Ainda em êxtase é que escrevo. A voz de Betânia é histórica, presença atemporal. Tem a força da ancestralidade, a imponência dos Orixás e a benção de todos os Santos da sua terra. Atravessa-nos, transpassa o peito e nos revira ao avesso. Abelha Rainha, ferroa e adoça, lidera. Traz leveza, na suavidade da melodia e na originalidade dos arranjos, sem perder o ímpeto de sabedoria que lhe é peculiar. Hipnotiza, energiza, conecta.
Ao fechar os olhos, éramos apenas eu e ela, o silêncio rasgando-se pelo arrepio que nos traz a pele, o desejo de aquietar e bailar. Betânia faz ecoar a força da sua natureza mulher para nos acordar na nossa humanidade, é ética e estética. Conduz-nos ao não dito, às entrelinhas, aos desejos e medos, aos graves e suaves tons da existência.
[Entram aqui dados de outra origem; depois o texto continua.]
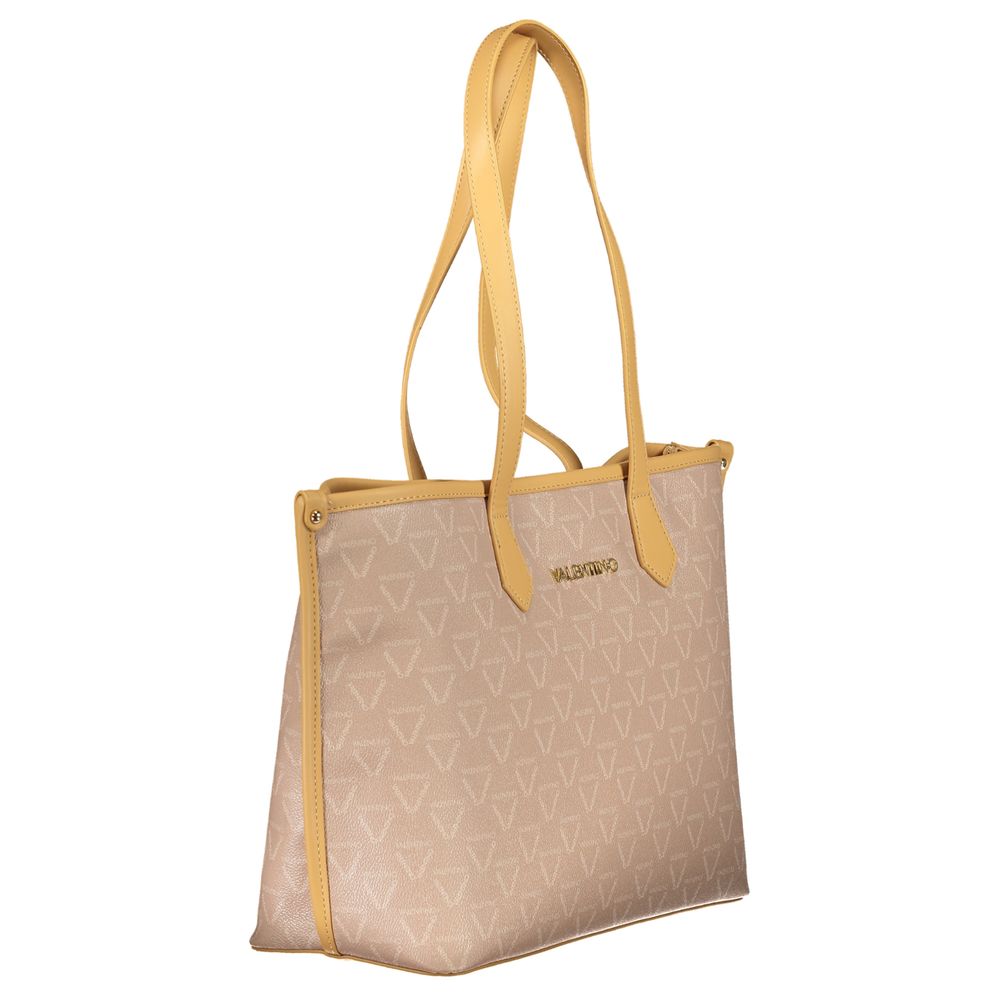 Mario Valentino Beige Polyeten Damhandväska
A primeira emissão é um susto – para onde estaria ela, tão grandiosa, nos levando? E então, sem resistências, envoltos pelo encantamento das reticências , nos permitimos adentrar a escuta poética, redescobrirmos canções, histórias, batuques e ritmos. Tem veemência a percussão , repercute em nós, faz até a tristeza dançar.
E, Sem nos poupar, ao final ela nos deixa com o embalo generoso, fazendo-se presente em nós ao nos convocar, em uníssono, a seguir adiante, cantando com tudo e apesar de. Saímos todos à capela e ali estava posto um milagre : o do Renascimento pelo canto de tantas vozes. Saravá!